A governance model where AI-generated prompts guide political and policy decision-making.
Promptocracy is a speculative governance concept, associated with risk theorist Nassim Nicholas Taleb, that proposes using large language models (LLMs) and probabilistic AI systems to generate decision-making guidance for political and policy processes. Rather than replacing human governance outright, the model envisions AI as a structured intermediary — synthesizing vast datasets, surfacing non-obvious trade-offs, and producing prompts that frame choices for human decision-makers in more rigorous, data-informed terms. The underlying premise is that AI systems trained on large corpora can expose patterns and interdependencies that human intuition and traditional deliberation routinely miss.
The mechanism draws heavily on how modern LLMs process and compress information across domains. In a promptocratic framework, queries about policy questions — economic regulation, public health interventions, environmental trade-offs — would be structured as inputs to AI systems capable of probabilistic reasoning. The outputs would not be binding mandates but rather analytically grounded prompts: reframings of the problem, identification of tail risks, or synthesis of expert consensus across disciplines. This positions the AI as a kind of epistemic scaffold rather than an autonomous decision-maker.

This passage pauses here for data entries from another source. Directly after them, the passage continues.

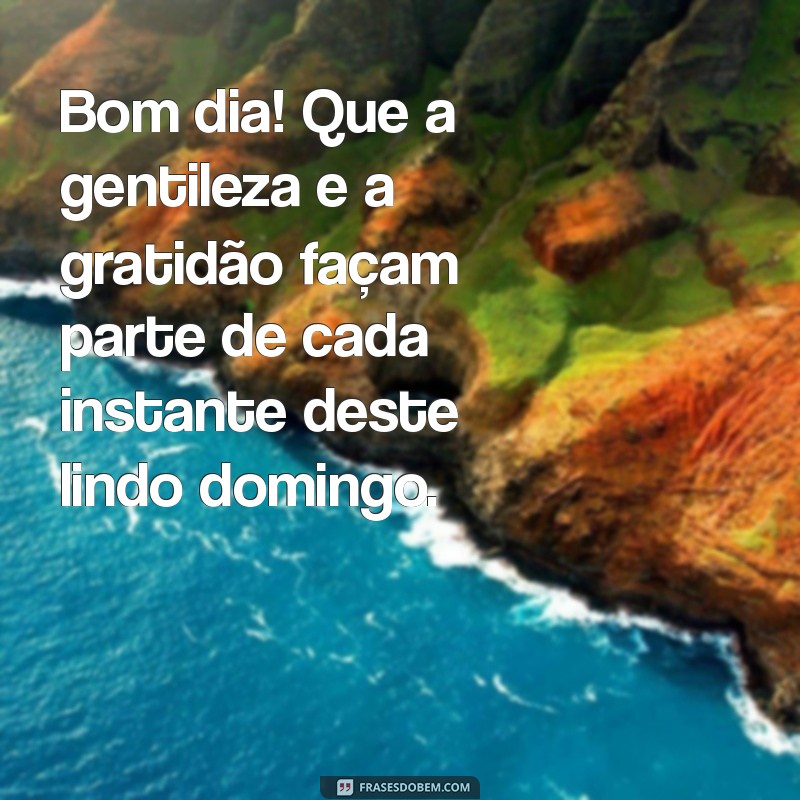 Mensagem Inspiradora de Bom Dia para um Domingo Especial 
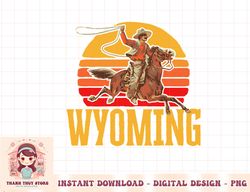 Wyoming Retro Roping Cowboy Vintage Graphic png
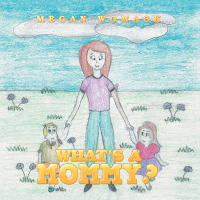 Cover image: What's a Mommy? 9781728342702
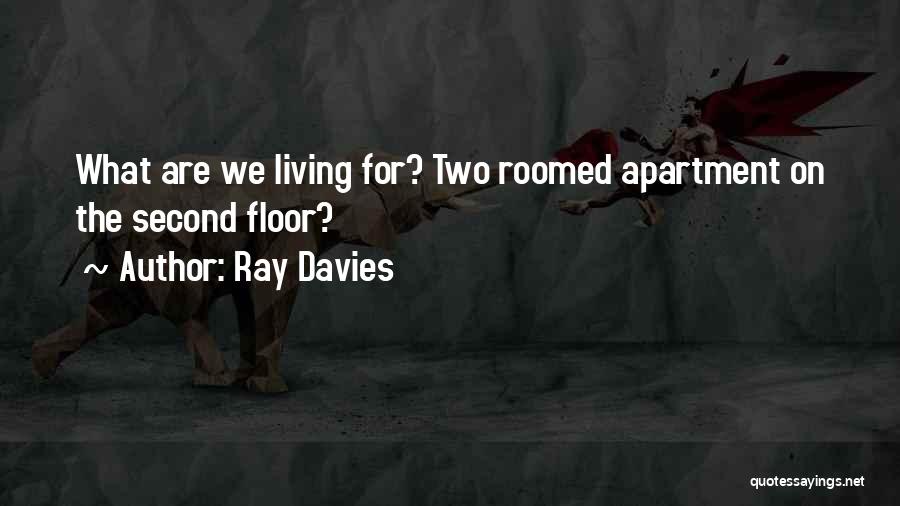 Apartment Living Quotes By Ray Davies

The concept sits at the intersection of AI governance, decision theory, and political philosophy, and it inherits Taleb's broader intellectual preoccupations with uncertainty, fragility, and the limits of expert judgment. Promptocracy is explicitly skeptical of naive technocracy — it does not assume AI outputs are correct, but rather that they can impose useful probabilistic discipline on deliberation that is otherwise vulnerable to narrative bias, short-termism, and motivated reasoning. In this sense it is as much a critique of existing governance failures as a proposal for AI integration.
As a concept, promptocracy remains largely theoretical and has attracted both interest and skepticism within AI ethics and policy communities. Critics raise concerns about accountability, interpretability, and the risk of laundering political choices through an opaque algorithmic layer. Proponents see it as a serious attempt to think through how LLM capabilities might be harnessed constructively in high-stakes institutional contexts, rather than left to ad hoc adoption.